Write out the listing below in full and exactly, leaving out every picture.

▶ Data provided:
Segment Open

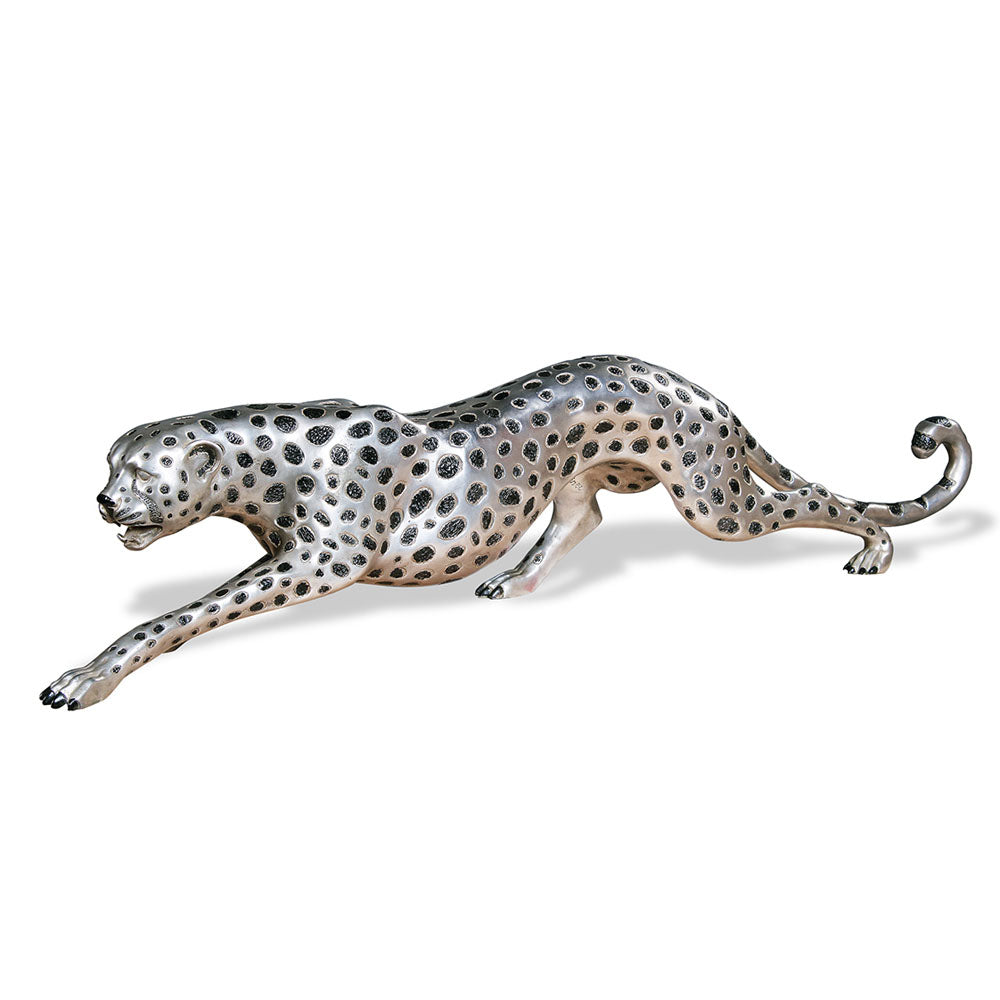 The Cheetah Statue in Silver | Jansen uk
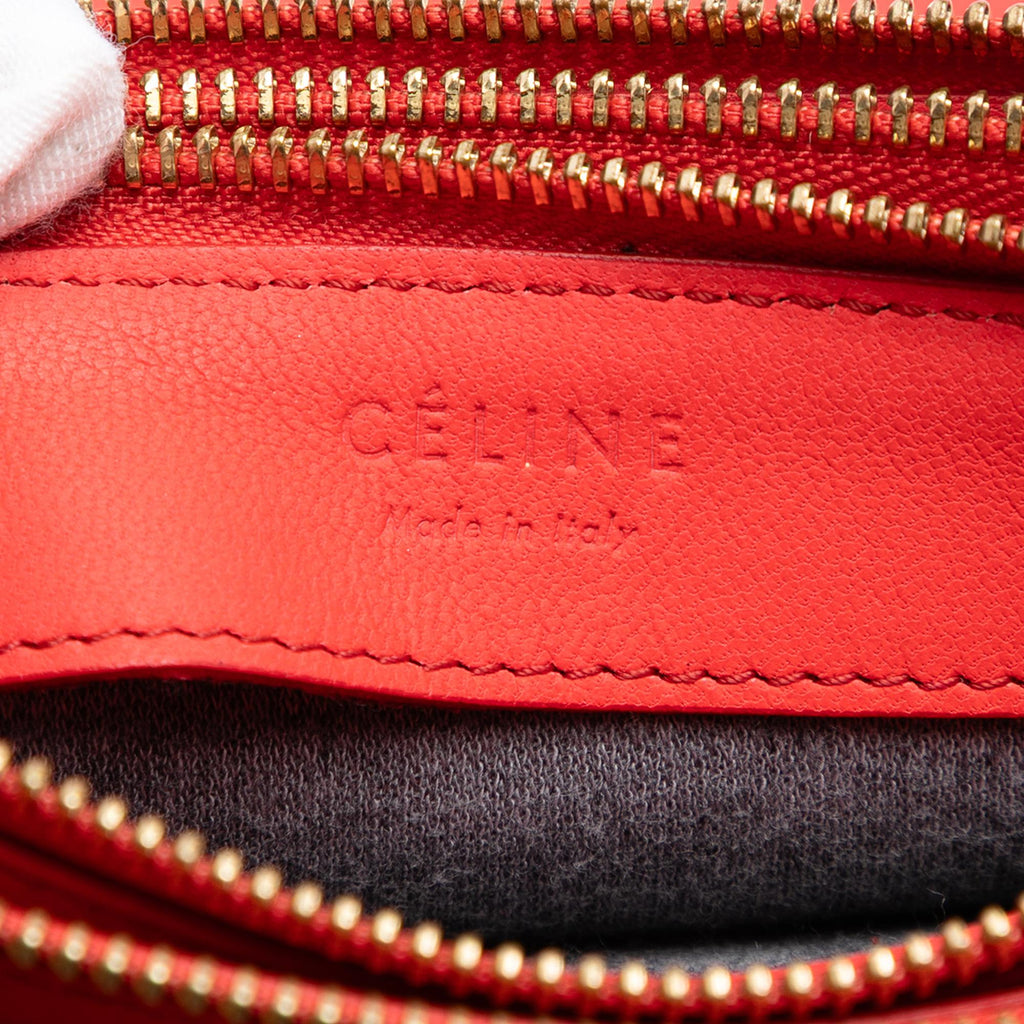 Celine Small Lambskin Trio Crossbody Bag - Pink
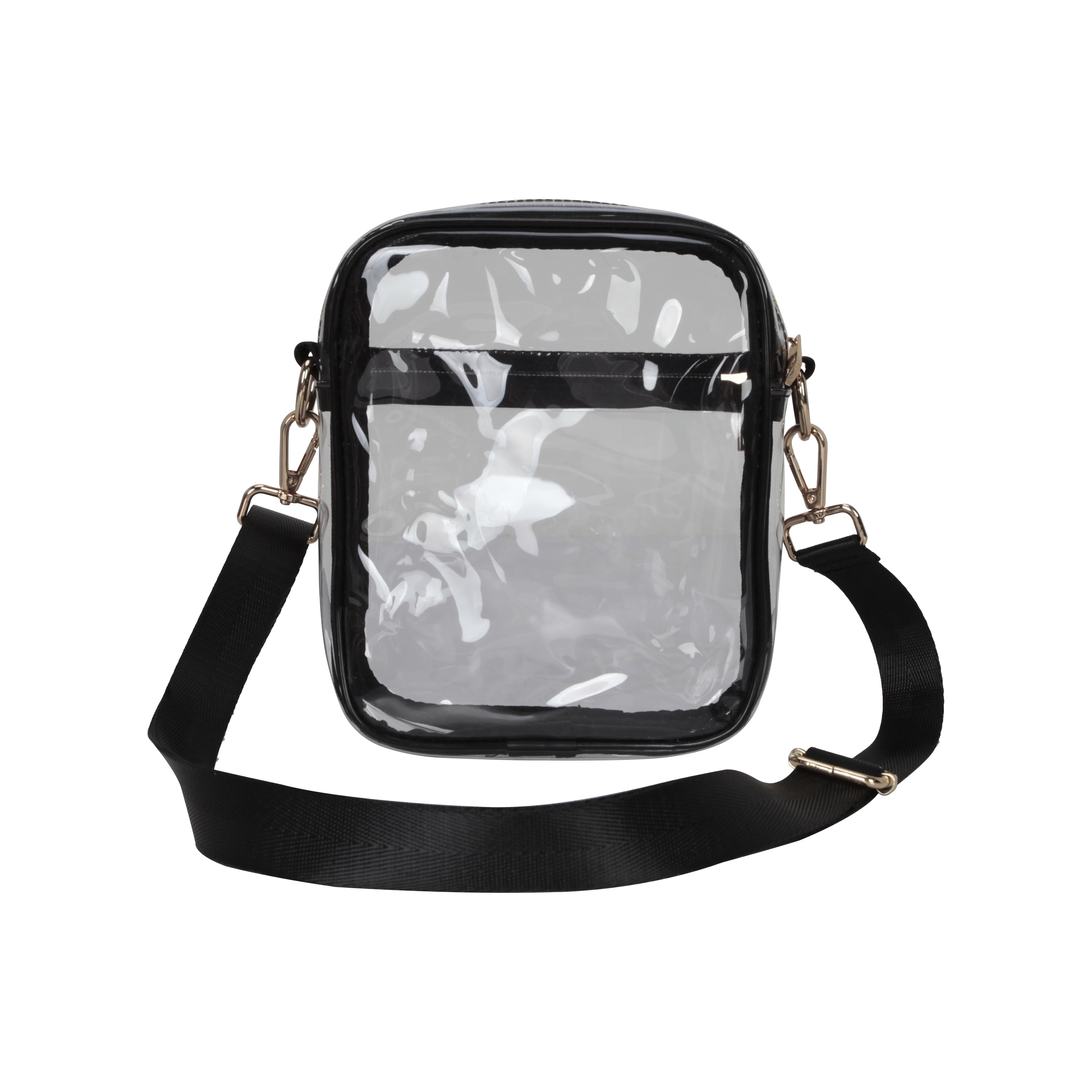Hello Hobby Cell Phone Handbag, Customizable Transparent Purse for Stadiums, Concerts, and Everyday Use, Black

Segment Closed

▶ Exercise result:
 The Cheetah Statue in Silver | Jansen uk
 Celine Small Lambskin Trio Crossbody Bag - Pink
Hello Hobby Cell Phone Handbag, Customizable Transparent Purse for Stadiums, Concerts, and Everyday Use, Black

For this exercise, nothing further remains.